The task
From the line that contains "Columbia North Plains" through the end of the records below, write out each line exactly as it appears, but not the pictures.

::::::::

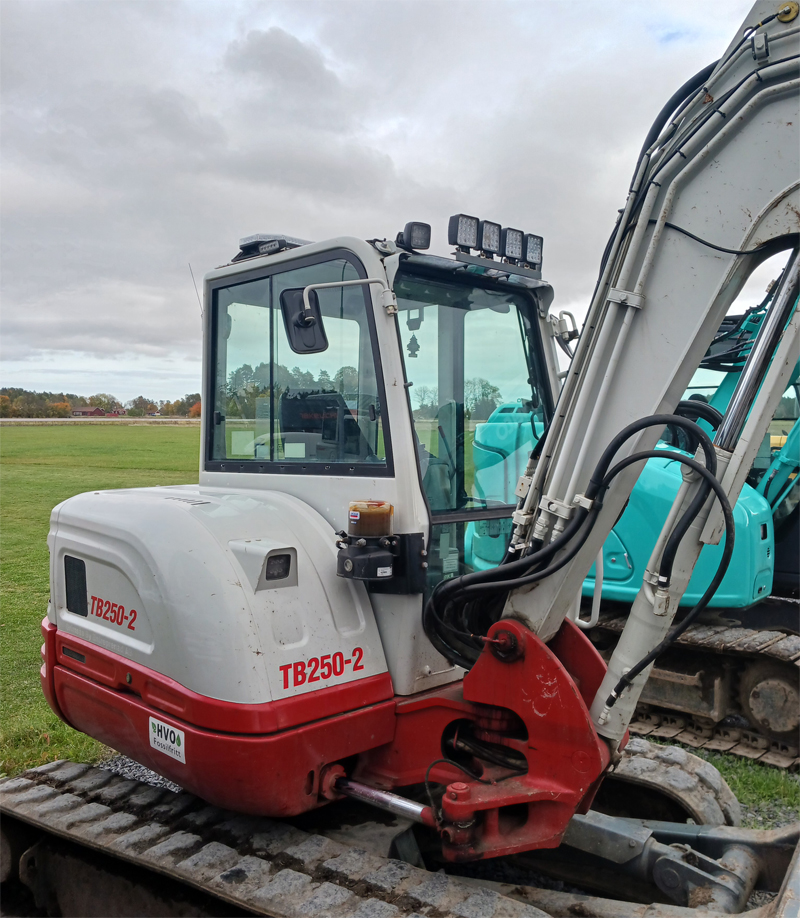 Röd-Grå bandburen grävmaskin Takeuchi TB250-2 stulen i Alingsås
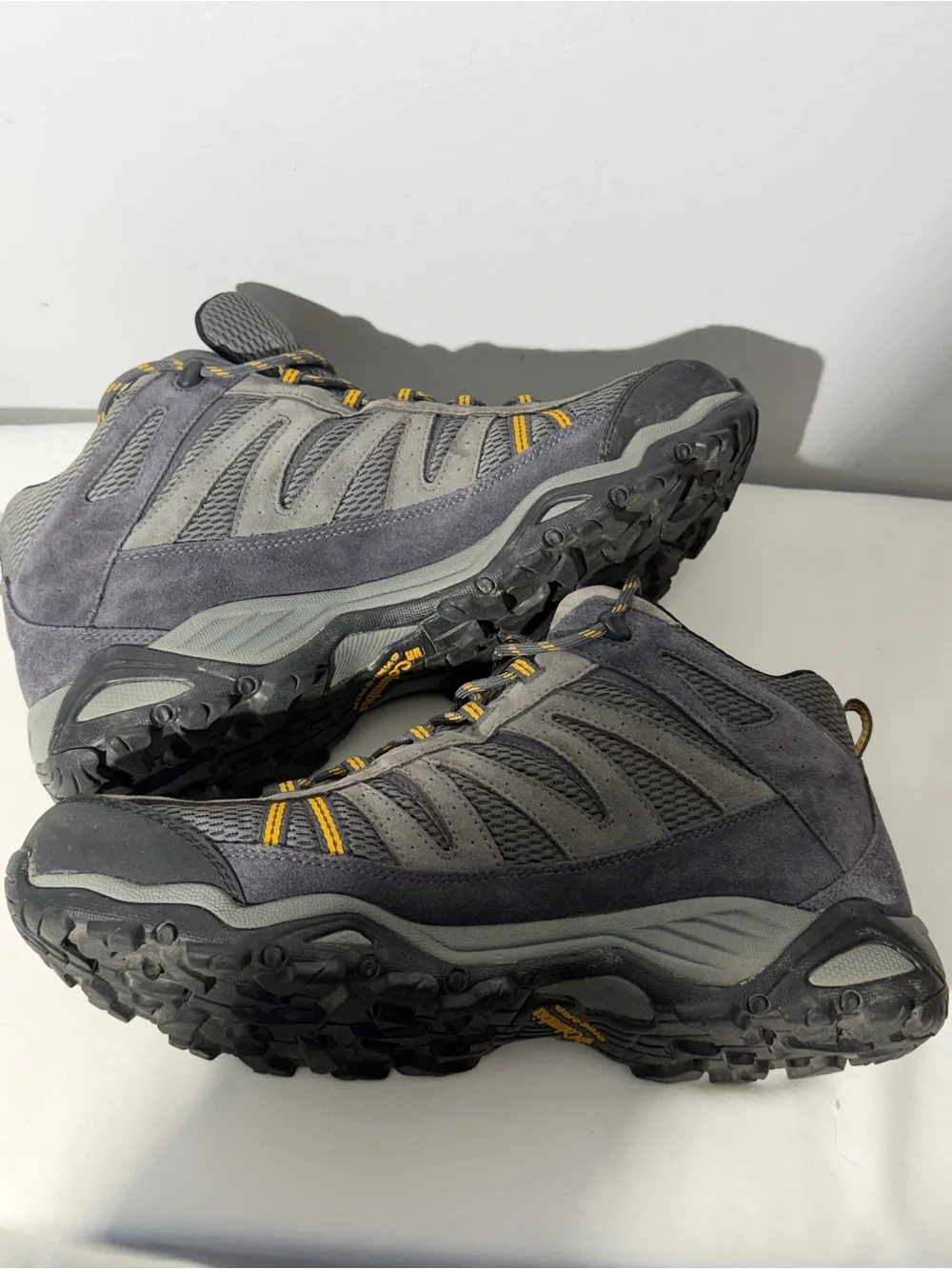 Columbia North Plains Men Gray Hiking Shoe Sz US 14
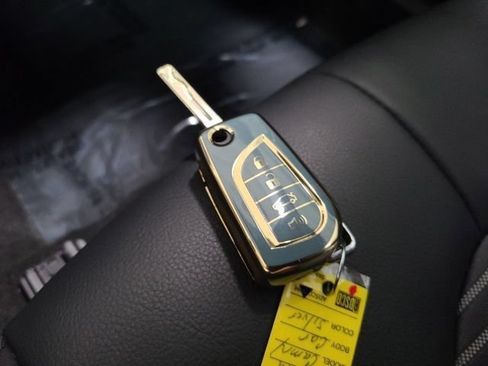 Used 2023 Toyota Camry SE FWD image 32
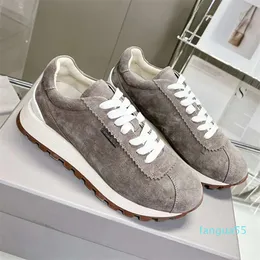 Suede Pet Low Top Top Casual Sneakers Kvinnor snör upp mångsidiga fasta färgplatta skor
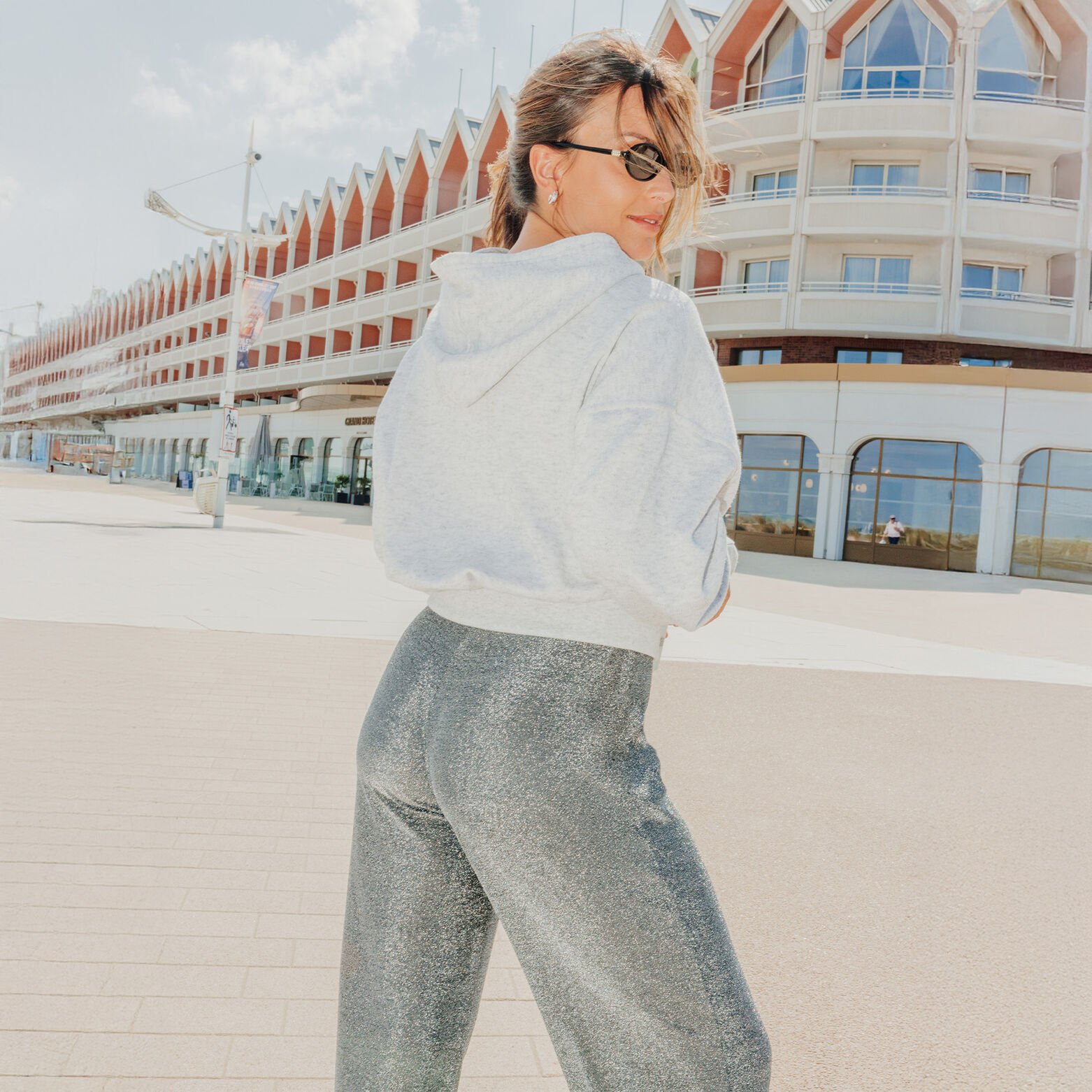 HOURRA PANTALON PAILLETE GRIS CLAIR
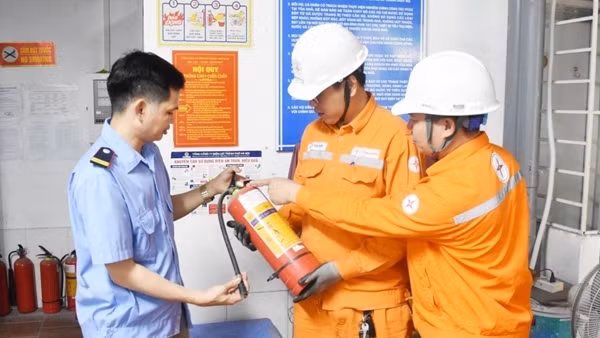 EVNHANOI khuyến cáo cách phòng, chống cháy nổ khi sử dụng điện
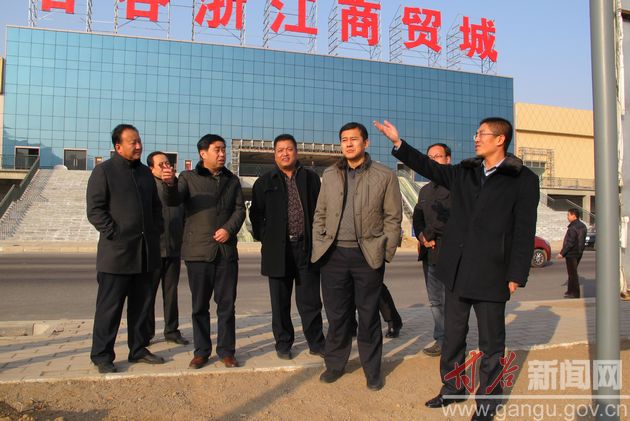 青岛海尔集团战略投资总监谢元伟在天水市甘谷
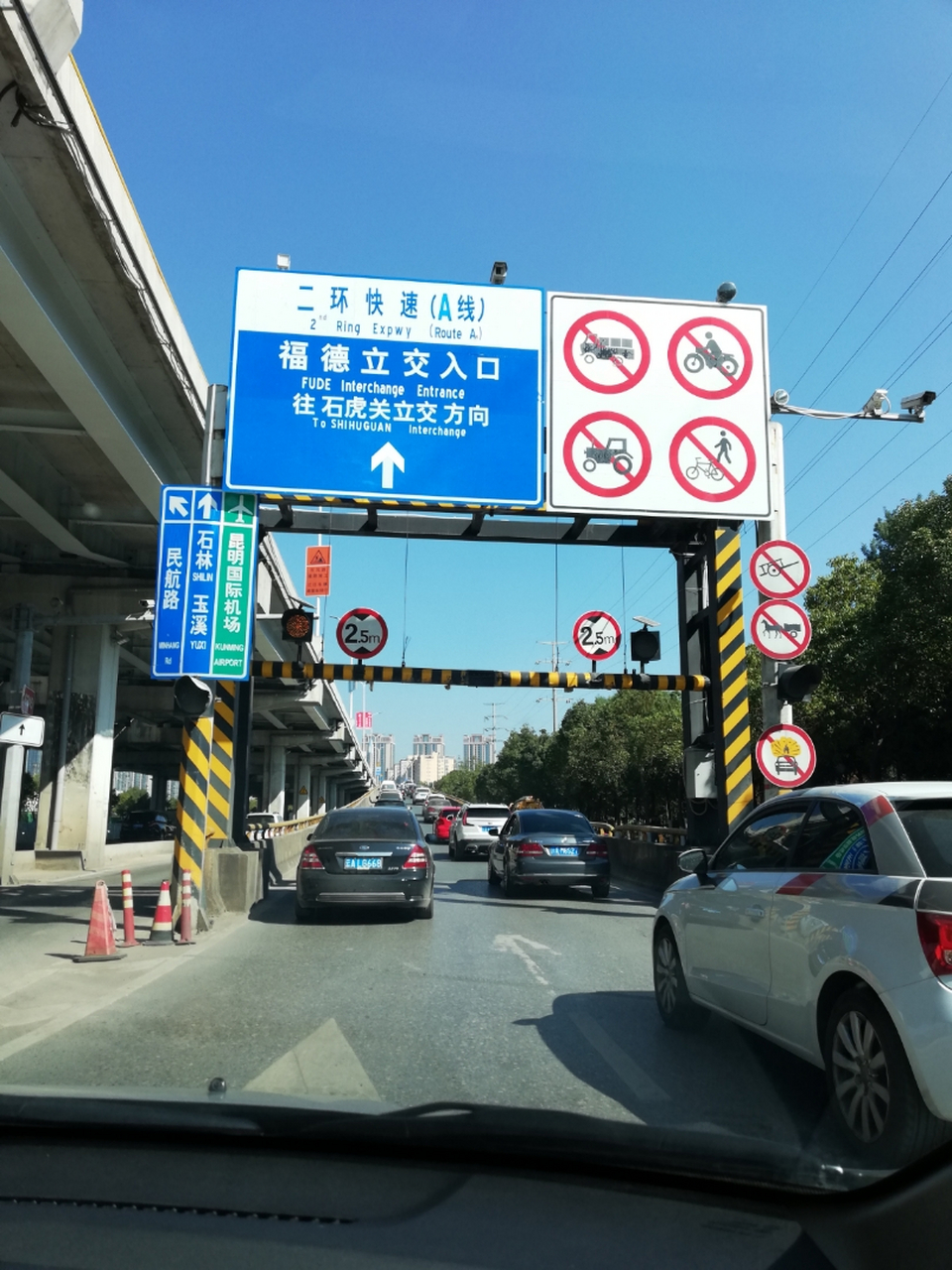 "新加坡 立交桥或是高速公路入口,凡是平路新修的上坡入口,昆明式"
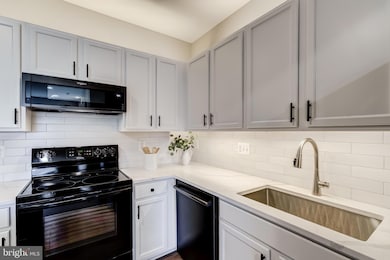 44848 Tiverton Square, Ashburn, VA 20147 - photo 7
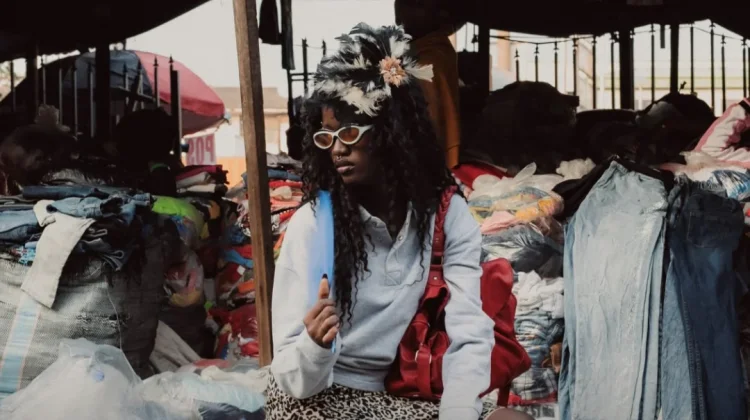 Dari Thrift Fashion ke Runway Chanel, Rachel Ojuromi Wujudkan Mimpi di PFW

::::::::

Your solution
 Columbia North Plains Men Gray Hiking Shoe Sz US 14
 Used 2023 Toyota Camry SE FWD image 32
 Suede Pet Low Top Top Casual Sneakers Kvinnor snör upp mångsidiga fasta färgplatta skor
 HOURRA PANTALON PAILLETE GRIS CLAIR
 EVNHANOI khuyến cáo cách phòng, chống cháy nổ khi sử dụng điện
 青岛海尔集团战略投资总监谢元伟在天水市甘谷
 "新加坡 立交桥或是高速公路入口,凡是平路新修的上坡入口,昆明式"
 44848 Tiverton Square, Ashburn, VA 20147 - photo 7
 Dari Thrift Fashion ke Runway Chanel, Rachel Ojuromi Wujudkan Mimpi di PFW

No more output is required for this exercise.